Introduction
The literature on seafaring in West Africa has focused essentially on the Kru, an indigenous, seafaring people of Liberia and Sierra Leone. Much has been written about their labour recruitment practices, overall contribution to the conduct of maritime trade between West Africa and the wider world, and the social impact of their migrations, settlement and cultural interactions along the West African coastline. A neglected theme is the welfare of stranded and destitute West African seamen in the United Kingdom which generated a humanitarian crisis and controversy between the early 1920s and the mid-1930s. The seamen's crisis in the immediate post-World War I years was part of the global dislocation that followed the postwar boom of 1918-1920. The magnitude of this crisis might be judged against the claim that a “considerable number, some hundreds, of Africans, had been stranded after the war in…Liverpool, Cardiff, Hull, Manchester and London.” Though the distribution of stranded seamen cannot be established with precision, the large number of persons involved, which ran into the unspecified “hundreds,” is indicative of a major social problem in the aftermath of World War I. It is important to note, however, that its scale cannot be fully appreciated if considered narrowly from the perspective of the few (but fairly representative) examples cited later in this chapter. Nonetheless, these case studies provide valuable insights into the complex nature of the situation that stranded seamen encountered in the interwar years.

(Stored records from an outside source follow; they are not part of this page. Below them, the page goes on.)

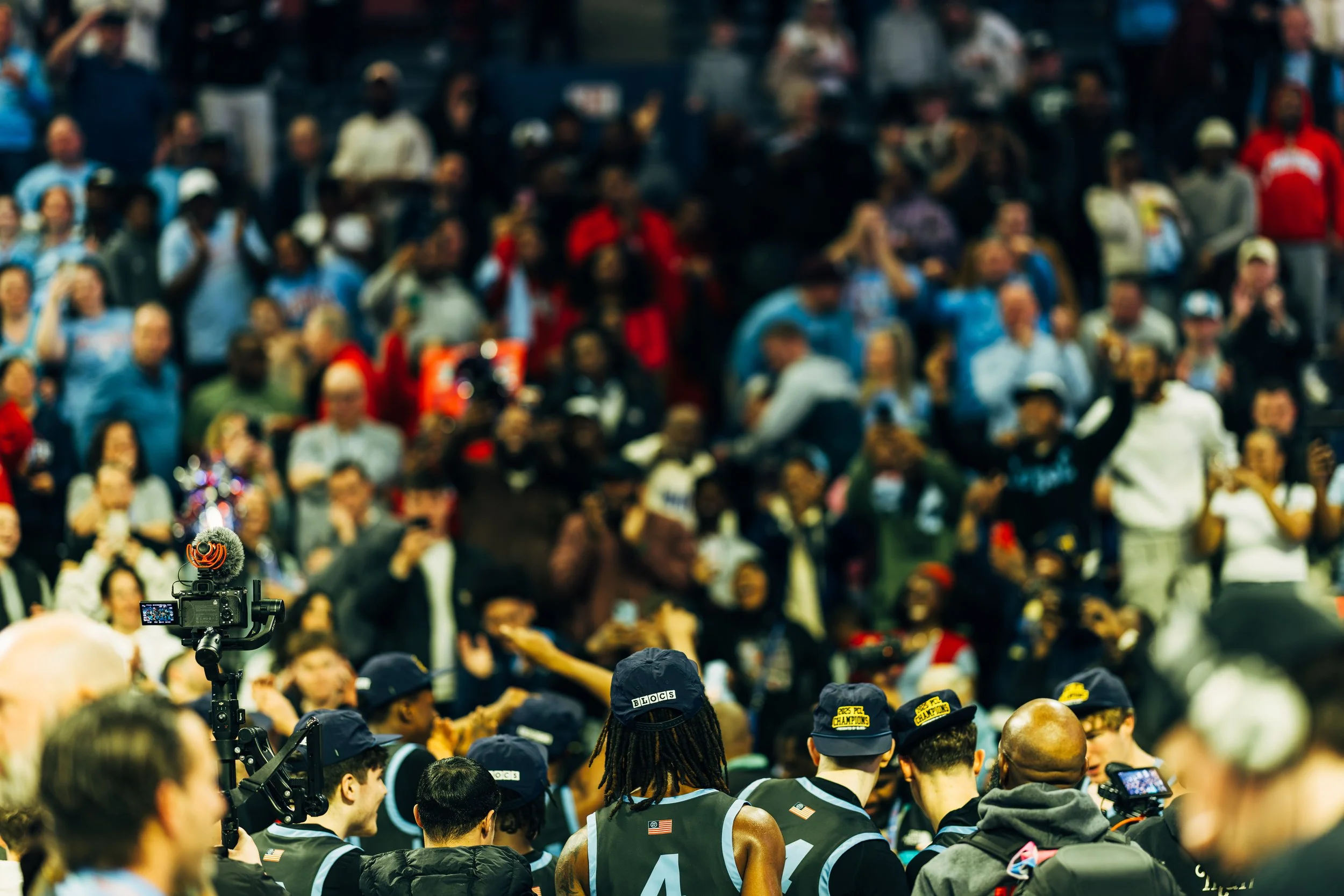 FJ V ROMAN FINALDxO_DeepPRIME XD2s_S3A2200-1.jpg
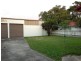 209 Church Street, Wollongong NSW 2500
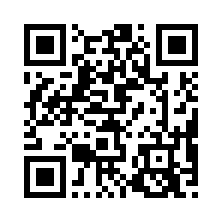 QR Code for 12AYx4cVKqfguHBPy1Y9GTSCxCDcqmPCpF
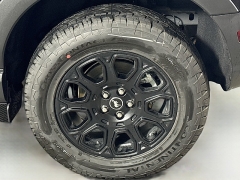 New 2025  Ford Bronco Sport Badlands 4x4 at Dutro Auto near Zanesville&comma; OH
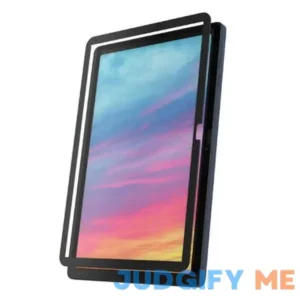onn. Glass Screen Protector for onn. 10.1 inch Tablet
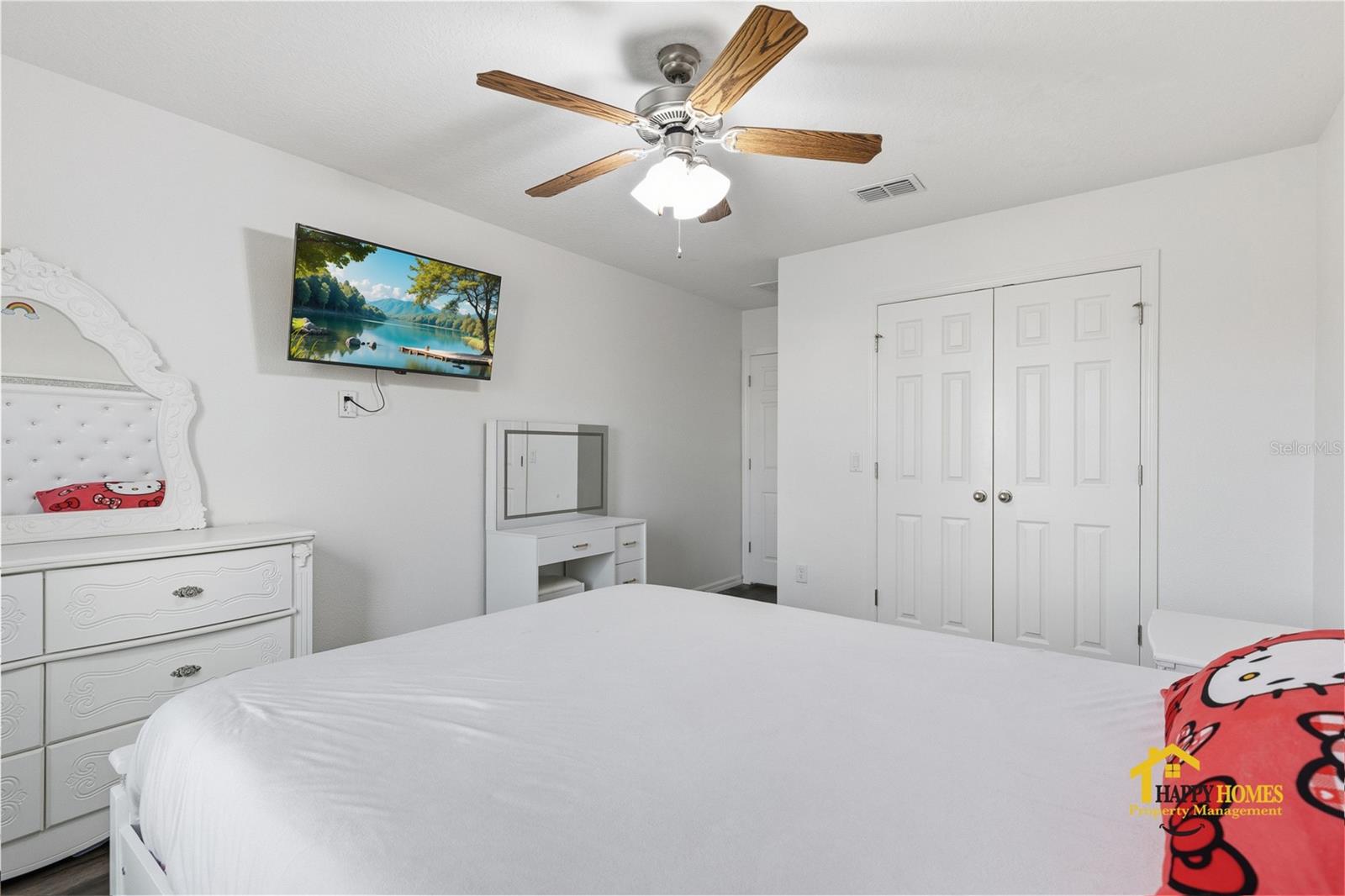 Image 34 of 44 For 14901 Honeycrisp Lane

This essay reconstructs and contextualizes this episode against the broader canvas of global economic dynamics, pressure-group politics, contemporary race relations and imperial-colonial policy during the interwar years. On the one hand, it analyzes the provisions, interpretation and enforcement of legislation governing desertion by, and the abandonment and destitution of, seamen. On the other, with specific reference to seamen of West African provenance it sheds light on the legal and social (including racial) dimensions of the problem of seamen's welfare and the roles played by the imperial and colonial governments, religious and humanitarian bodies and citizens’ pressure groups in Britain and West Africa to resolve the problem during this period.
A significant contribution of this essay is the demonstration of the diversity of the maritime labour force in colonial West Africa.